In the summer of 2022, I got the chance to attend the Summer Immersion Program at Columbia University in the city of New York. We were assigned into groups of five for our capstone project. We were provided with a sample dataset containing information about loan applicants in a bank. My group decided that we would try and predict the ‘grade’ of an applicant given the other information about them (like the interest rates of their old loans, the CLI, number of times defaulted by the person, any criminal cases, the debt to income ratio among many others).
As with any ML project, we started with the data cleaning and formatting followed by Exploratory Data Analysis (EDA). Since there were seven distinct grades in the dataset, we used Multi-class Classification Algorithms. We explored several different models:
We got very good results with Random Forest Classifier (accuracy: 96.6% and high f1 scores for each of the grades as well). We also tried exploring Hyper Parameter Tuning though it was out of the course’s syllabus.
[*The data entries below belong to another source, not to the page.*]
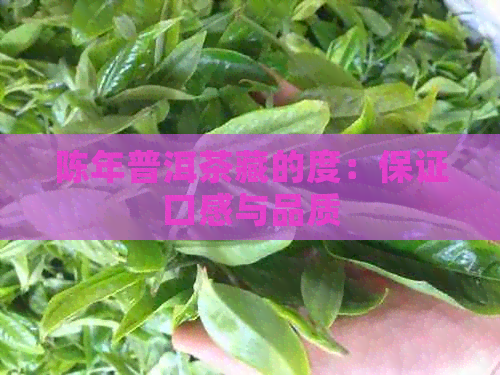 陈年普洱茶藏的度：保证口感与品质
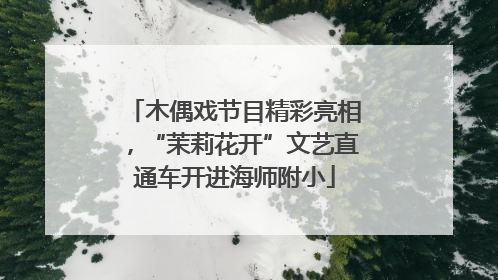木偶戏节目精彩亮相，“茉莉花开”文艺直通车开进海师附小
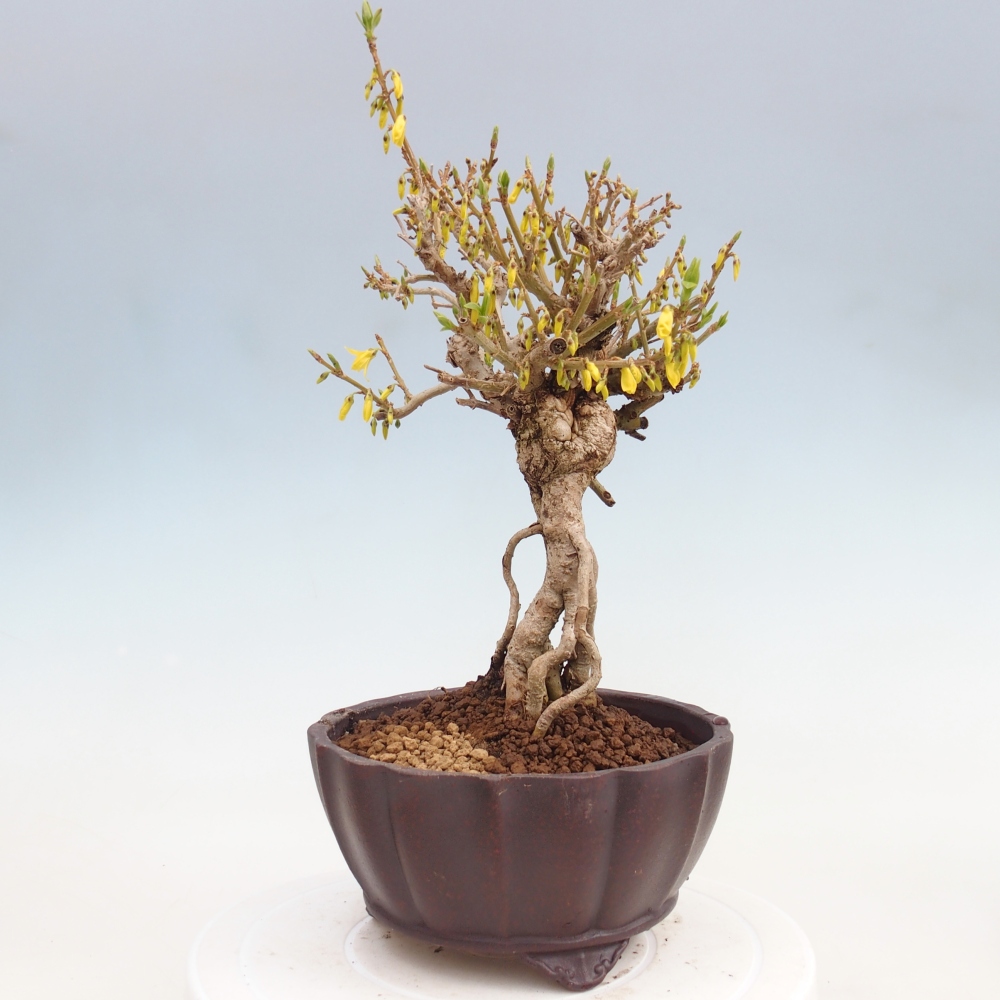 Bonsai voor buiten - Zlatice - Forsythia koreana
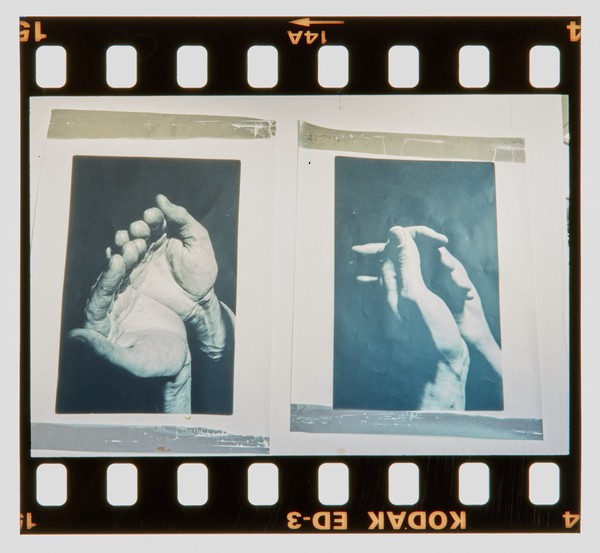2001 Foundation Fine Art Degree Show Slide - Creator unknown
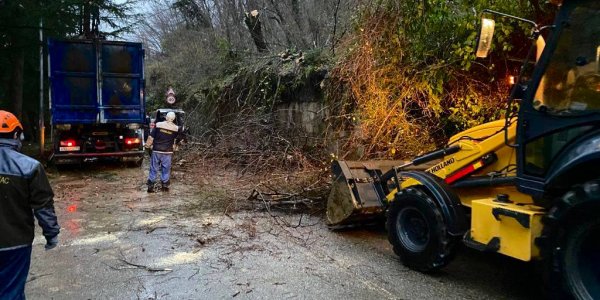 В Сочи оползень повалил деревья на проезжую часть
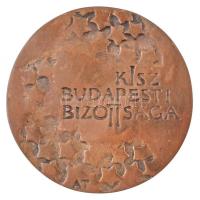 Asszonyi Tamás (1942- ) DN "Kiváló Propaganda Munkáért / KISZ Budapesti Bizottsága" Br pla...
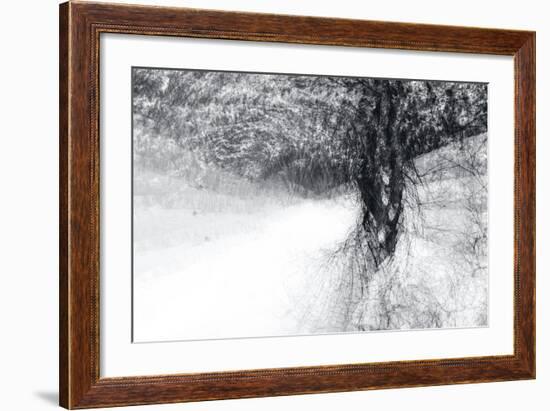 Snow Dancer-Ursula Abresch-Framed Photographic Print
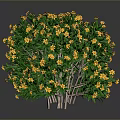 Potted Shrub Plant With Yellow Flowers And Green Leaves In Round Shape
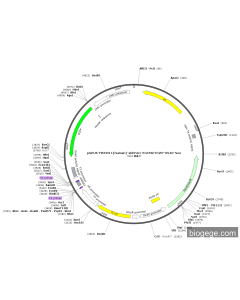 pGPU6-FBXW11(human)-shRNA1-EnCMV-EGFP-SV40-Neo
We used RandomizedSearchCV and GridSearchCV. It is still work in progress!
Next we tried the Decision Tree Classifier (accuracy: 75%). Hyper Parameter Tuning worked really well here. When we changed the max_depth from 2 to 3, the accuracy shot up from 75% to 99.6%.
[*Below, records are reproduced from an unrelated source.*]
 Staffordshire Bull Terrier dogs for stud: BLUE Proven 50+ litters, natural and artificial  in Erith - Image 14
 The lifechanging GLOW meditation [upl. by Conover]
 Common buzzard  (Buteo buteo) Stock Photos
We got a very low accuracy for K-Nearest Neighbors Classifier: 43.3%. Even when we found out the best set of Hyper Parameters for it (using GridSearchCV) the accuracy increased by a meager 1%. It would perform better if we just flipped its every decision!
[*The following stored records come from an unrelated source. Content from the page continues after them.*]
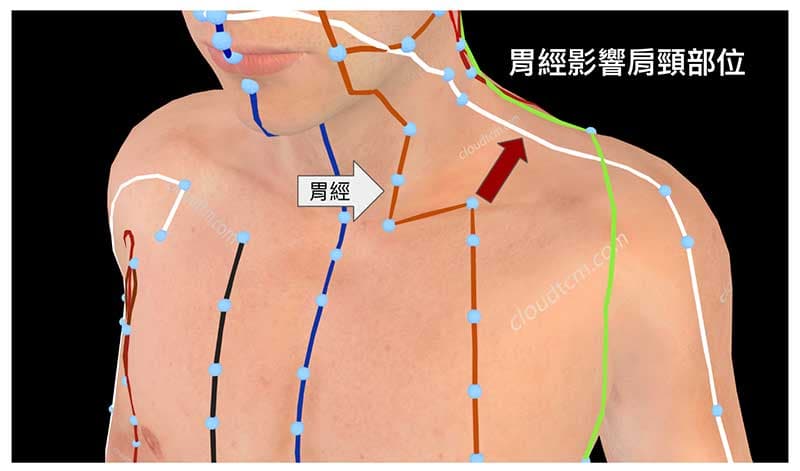 胃經異常時,也會影響到肩頸部位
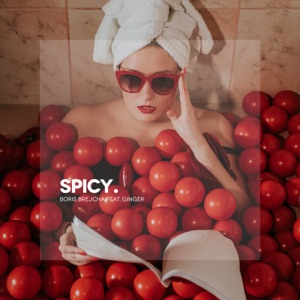 Ginger, Boris Brejcha — Spicy feat. Ginger (Original Mix)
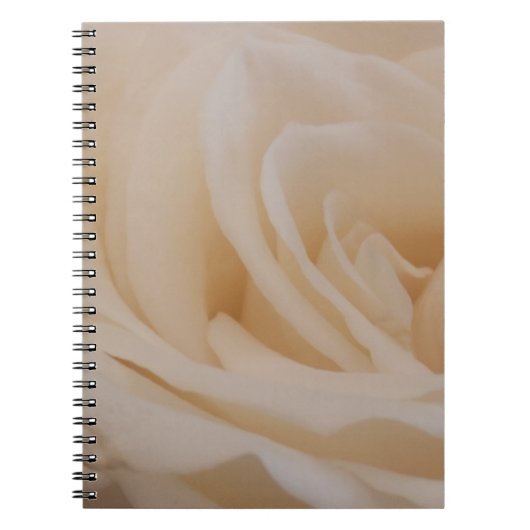 Carnet Closeup Rose couleur crème (Devant)
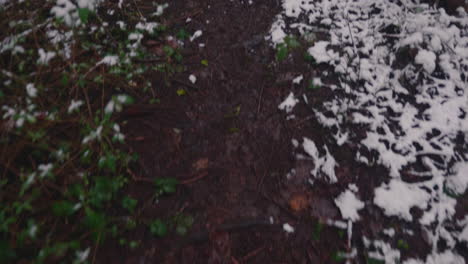 wet muddy tracks through snow forest with tall coniferous tree trunks in background during winter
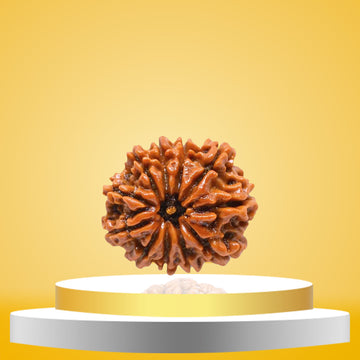 11 Mukhi Rudraksha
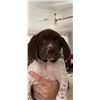 Image 4 : German Shorthair Puppy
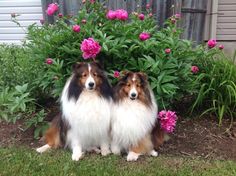 two shetland sheepdogs sitting in front of some pink flowers and green grass near a fence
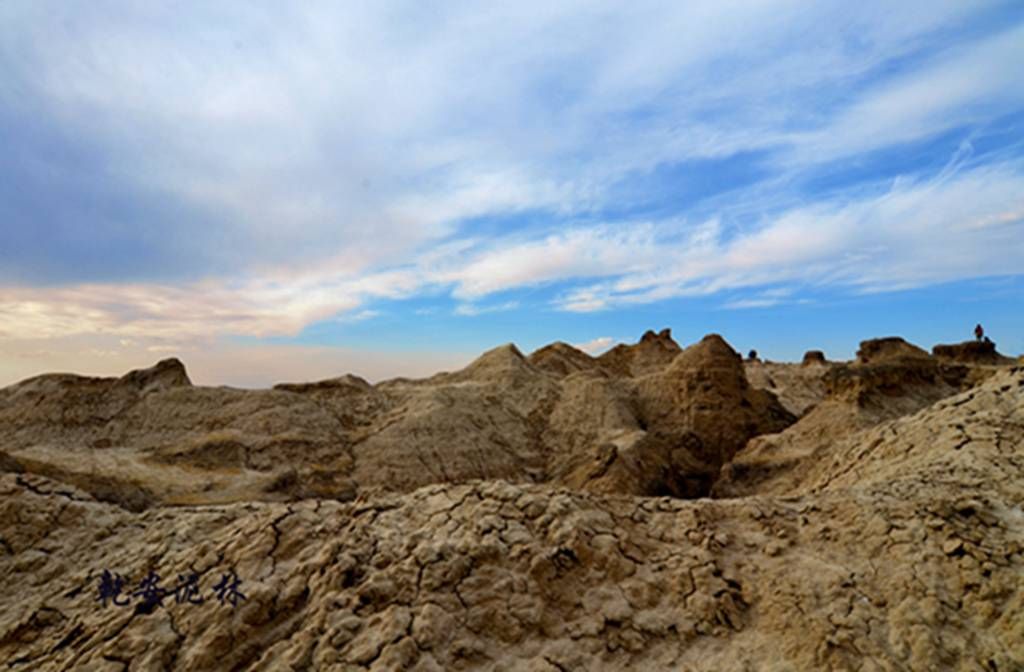 DSC_7467.JPG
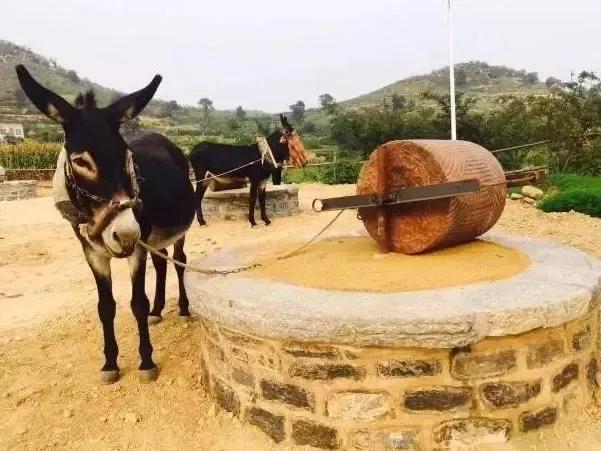 驢肉市場價格多少錢一斤，驢肉驢肉多少錢一斤？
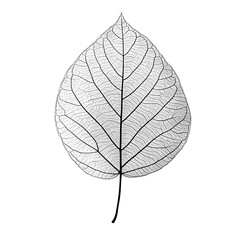 Obraz premium Black and white leaves on branch, png clipart transparent background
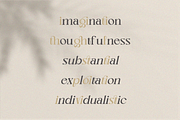 Nagishe Soinetha Moderen & Elegance, a Serif Font by BOOSH Studio (Thumbnail 12 of 13)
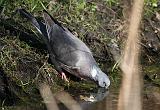 IMG_1484_bentn_dk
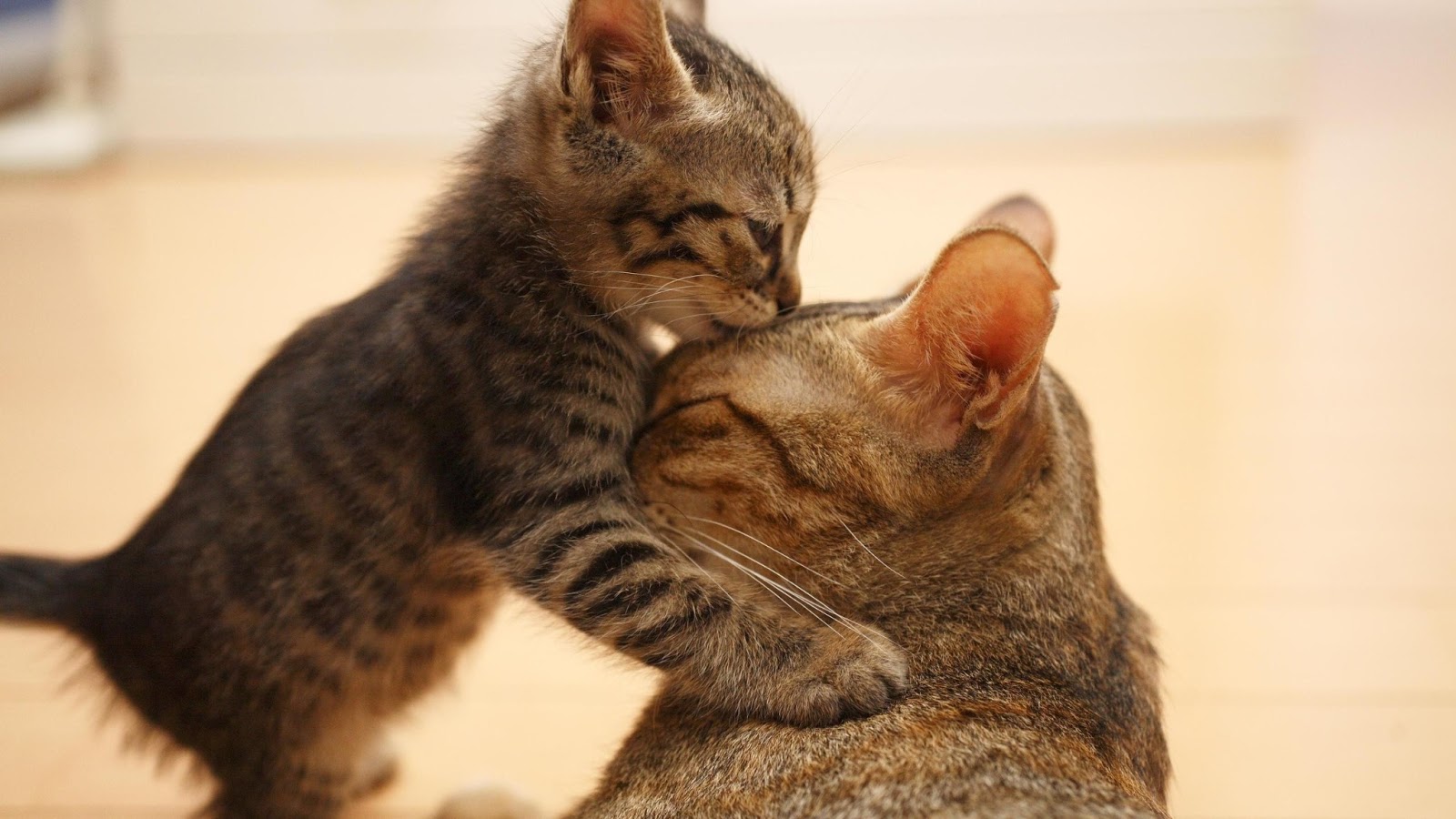 Cat Said To How Sleep How To Sleep Traduction Cat Said To How Sleep How To Sleep Traduction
Naive Bayes Classifier gave us an accuracy of 87%. Gradient Boosting worked very fine for us: 96.7% accuracy while training and 95.3% while testing. Again we tried tweaking some of the hyper parameters: changed the max_depth and got a 100% accuracy for training and 98.7% while testing.
Though it was a group project, I tried to explore about Deep Learning and Artificial Neural Networks (not in the Course's Syllabus) by myself with a little help from my Course Facilitator. I used Keras and Tensorflow libraries. I made my best attempt at architecturing the Layers. I realized I had to keep the number of units for the final Dense layer as the total number of possible outcomes. Thus I kept it 7 since there were 7 distinct grades in the dataset. While compiling the model, I used “categorical_crossentropy” for the loss function and ‘adam’ as the optimizer. Next I converted all the ‘Y’ values to a binary class matrix. Alas, I got a very low accuracy of 38.33%. On the positive side, I got to learn a ton of new things!